_ASSIGNMENT_
Every entry below must be retyped exactly, and the pictures must be left out.

(RECORDS SHOWN begins)

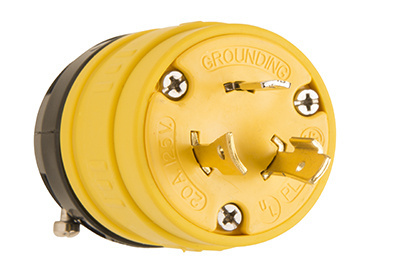 Product image for P&S 2647 TURNLOK RUBBER PLUG 20A 12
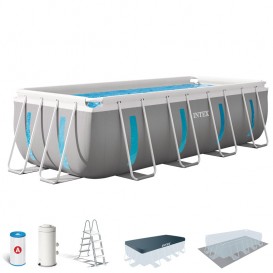 Piscina Intex Prism Frame ClearView 400x200x122 26770NP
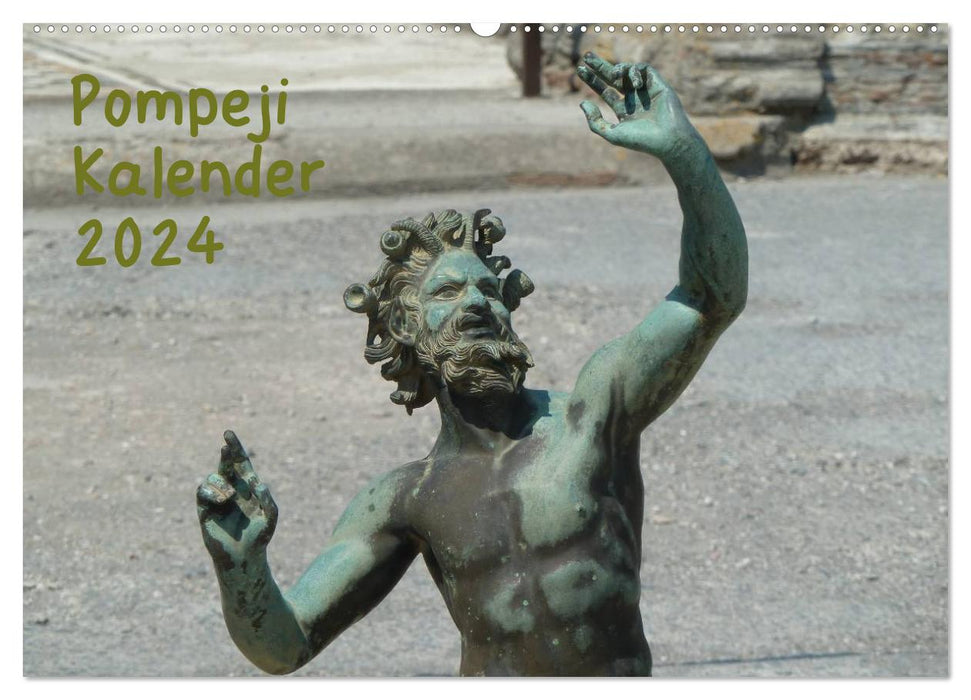 Pompeji-Kalender (CALVENDO Wandkalender 2024)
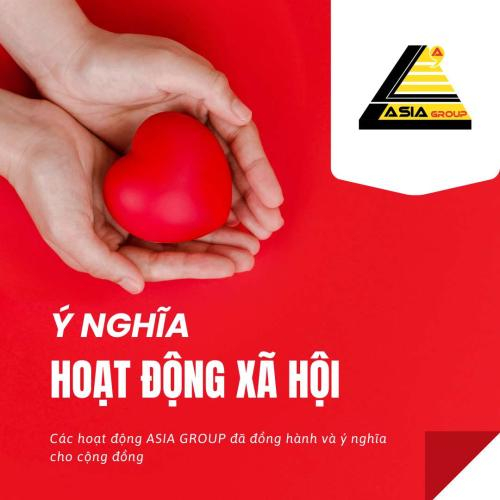 Ý Nghĩa Các Hoạt Động Xã Hội Của ASIA GROUP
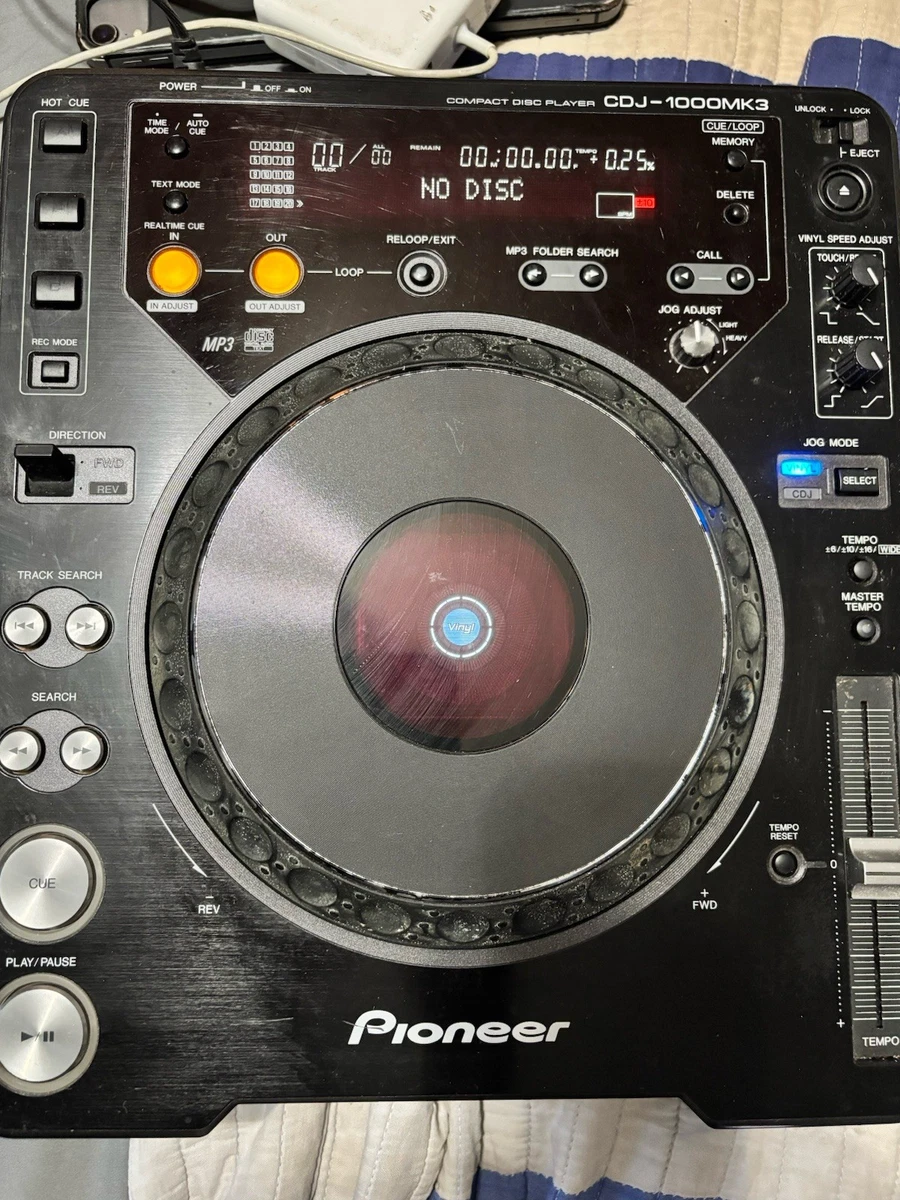 Preços baixos em Pioneer cdj 1000 Mk3 | eBay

(RECORDS SHOWN ends)

_ANSWER TO THIS PROBLEM_
 Product image for P&S 2647 TURNLOK RUBBER PLUG 20A 12
 Piscina Intex Prism Frame ClearView 400x200x122 26770NP
 Pompeji-Kalender (CALVENDO Wandkalender 2024)
 Ý Nghĩa Các Hoạt Động Xã Hội Của ASIA GROUP
 Preços baixos em Pioneer cdj 1000 Mk3 | eBay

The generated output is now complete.